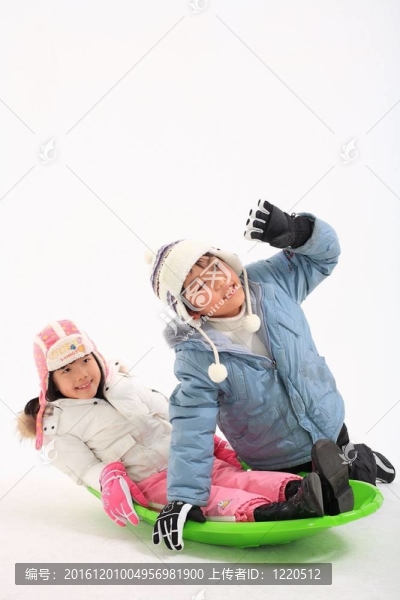 韓國生活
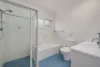 2/13 East Street, Crescent Head, NSW 2440-Image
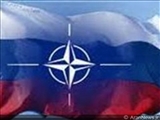 Тема Ливии войдет в повестку дня заседания Совета Россия – НАТО в Сочи 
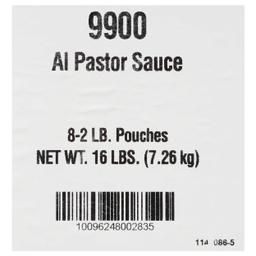 Product thumb gallery 3684566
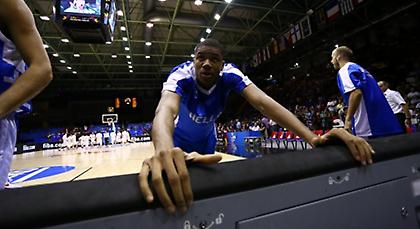 Ζει ένα όνειρο ο Γιάννης...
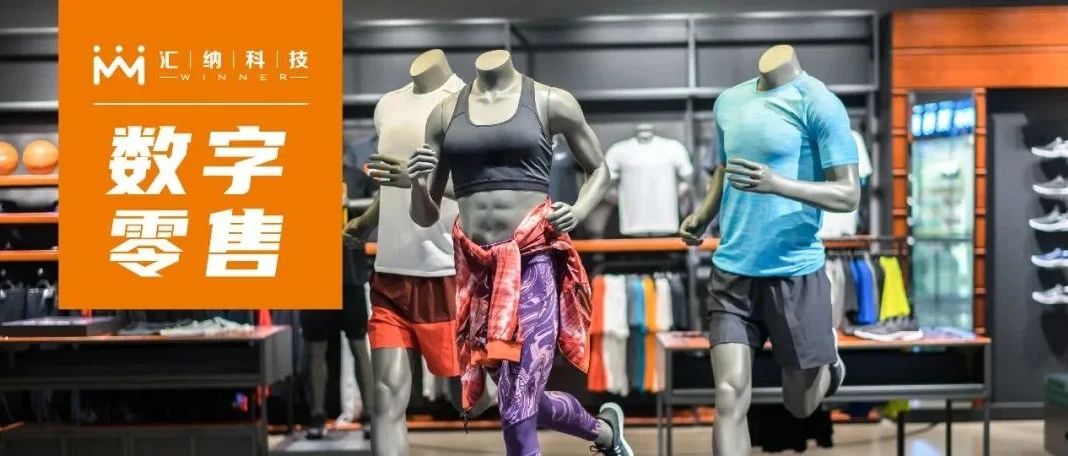 ��������ح�ڱ������ں���Ԯ�ֻʱ��Ʒ�����г���϶��Ѱ����������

What to work on: The expected answer is the line with "2/13 East Street, Crescent" followed by every remaining line of the listing, each restated exactly, with all pictures dropped.

Exercise result:
 2/13 East Street, Crescent Head, NSW 2440-Image
 Тема Ливии войдет в повестку дня заседания Совета Россия – НАТО в Сочи 
 Product thumb gallery 3684566
 Ζει ένα όνειρο ο Γιάννης...
 ��������ح�ڱ������ں���Ԯ�ֻʱ��Ʒ�����г���϶��Ѱ����������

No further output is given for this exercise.